RECORDED DATA: Begin

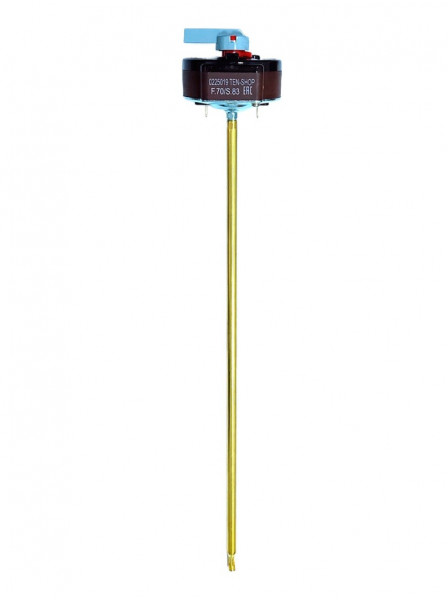 Термостат стержневой с термозащитой TBS 16A 250V T105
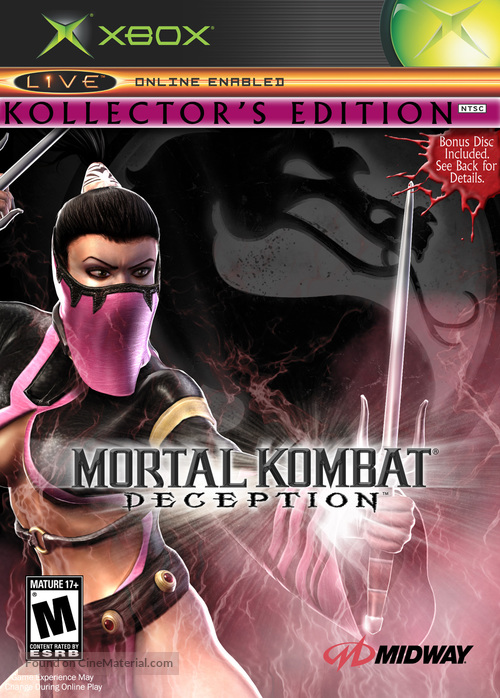 Mortal Kombat: Deception - poster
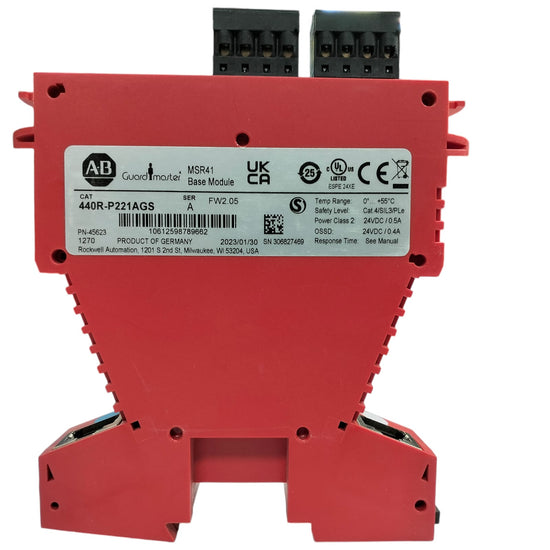 Allen Bradley 440r-p221ags Relevador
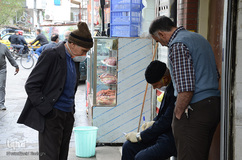 بازار تاریخی تبریز درایام ماه مبارک رمضان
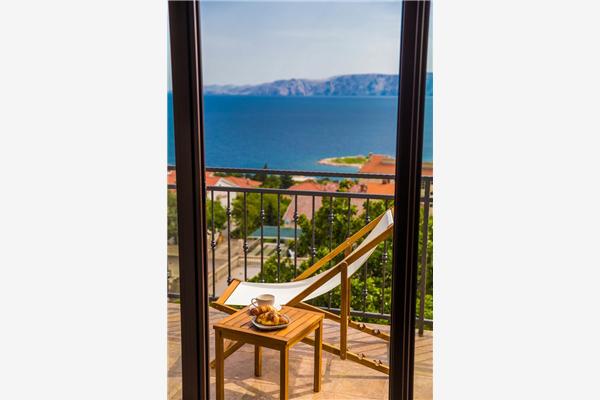 Apartment A1, for 4 persons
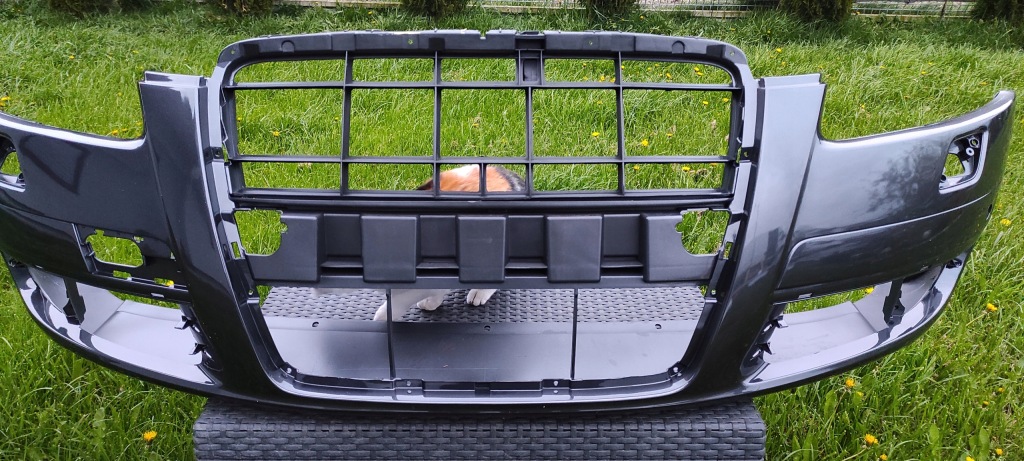 фото №12, Бампер перед audi a6 c6 przedlift lz7q ксенон pdc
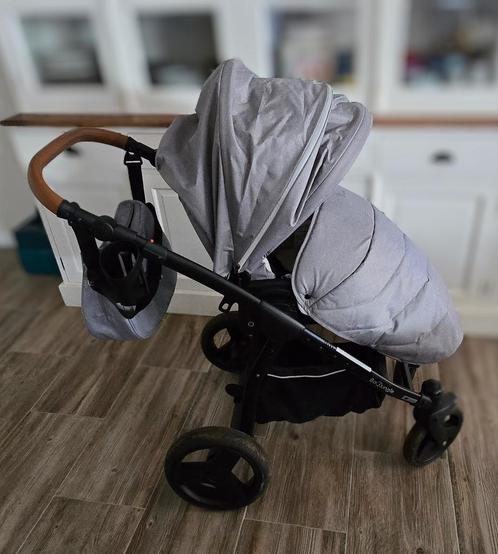 .Bo Jungle Kinderwagen, Kinderen en Baby's, Kinderwagens en Combinaties, Zo goed als nieuw, Kinderwagen, Overige merken, Met autostoeltje
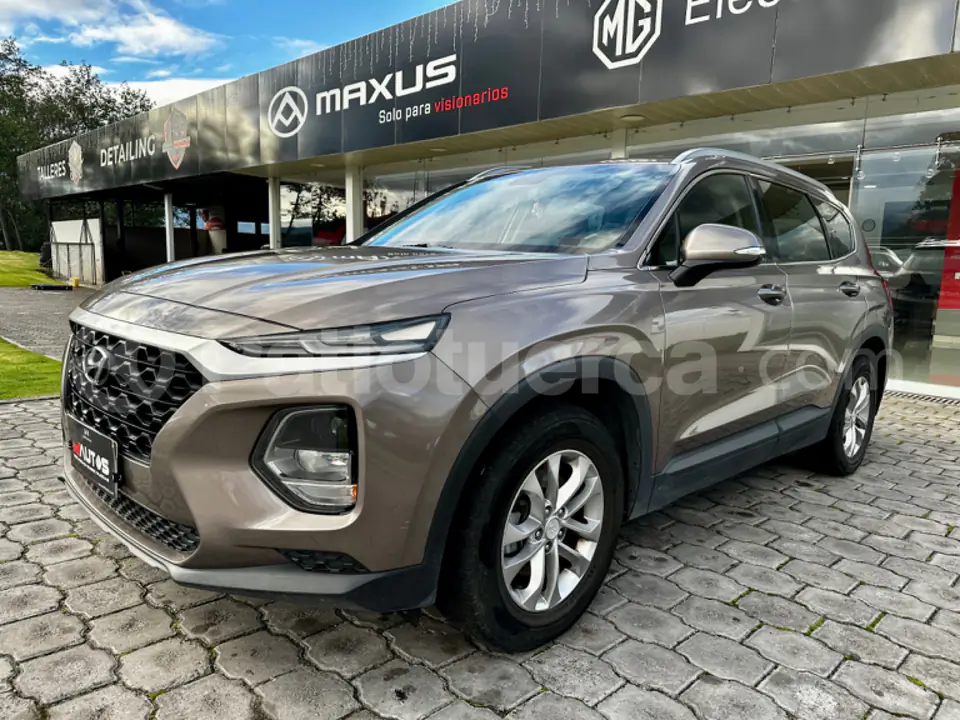 Foto 2 de Hyundai New Santa Fe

RECORDED DATA: End

_WHAT IS BEING ASKED_:
Pictures are to be left out; all other data must be returned exactly.

_YOUR RESPONSE_:
 Термостат стержневой с термозащитой TBS 16A 250V T105
 Mortal Kombat: Deception - poster
 Allen Bradley 440r-p221ags Relevador
 بازار تاریخی تبریز درایام ماه مبارک رمضان
 Apartment A1, for 4 persons
 фото №12, Бампер перед audi a6 c6 przedlift lz7q ксенон pdc
 .Bo Jungle Kinderwagen, Kinderen en Baby's, Kinderwagens en Combinaties, Zo goed als nieuw, Kinderwagen, Overige merken, Met autostoeltje
 Foto 2 de Hyundai New Santa Fe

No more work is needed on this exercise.